Air-Ride Equipped - Firestone Industrial Ride-Rite Kit InstallationPosted in How To on November 1, 2012
If you’ve ever spent any time in traffic staring at the back-end of an 18-wheeler looming large in your windshield, then no doubt the block letters proudly spelling “air-ride equipped” has been indelibly emblazoned into your memory; nothing provides more button-busting pleasure within long-haul truckers’ circles than to boast that their crates of lead-laden plastic toys from China making their way across the United States are well cradled in soft cushions of an air-ride suspension. Now you can best any trucker out there, but we’re willing to bet what you’re hauling is a lot better than plastic toys from China.

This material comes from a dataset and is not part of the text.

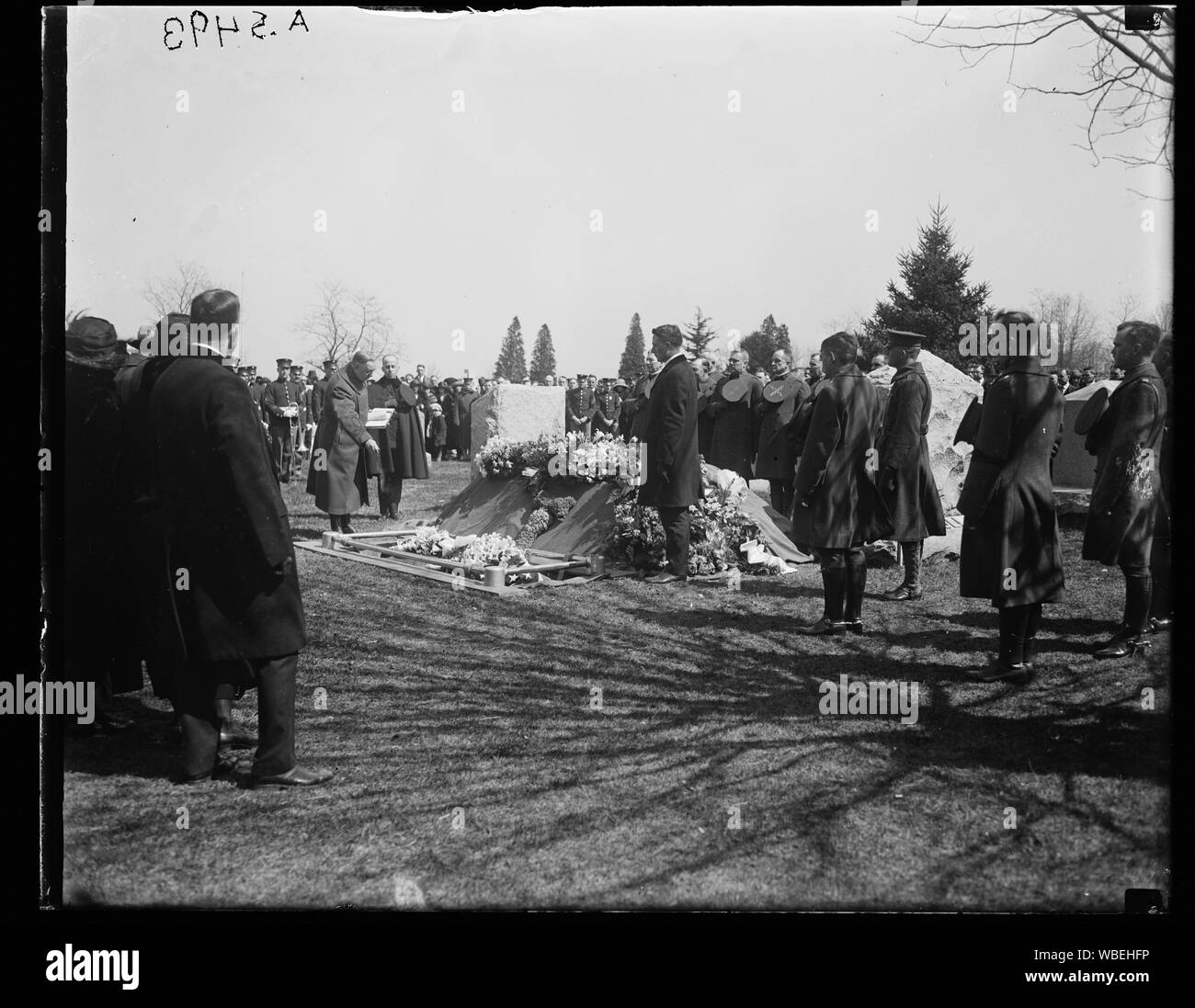 Résumé funérailles/moyenne : 1 négatif : vitrage ; 4 x 5 in. ou moins Banque D'Images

Although some trucks were built to handle the rocks and trails and provide a pleasant trip back to your driveway (and maybe even to work on Monday), there are some off-road vehicles that weren’t. The Department of Motor Vehicles, not to mention the men with the pointy badges looking to raise revenue for their county, frown on you pushing the envelopes of what they call “street legal” when it comes to crossing the line where the dirt meets the pavement. That being said, loading a 3,000-pound CJ7 onto a 1,500-pound trailer (don’t forget to include several hundred pounds of gear for a weekend out), will increase the tongue weight of your tow vehicle outside that comfy 10- to-15-percent range. The result is an uneven ride, with the front end of the tow vehicle pointing toward the sky; and this could mean reduced front tire footprint and some tricky steering.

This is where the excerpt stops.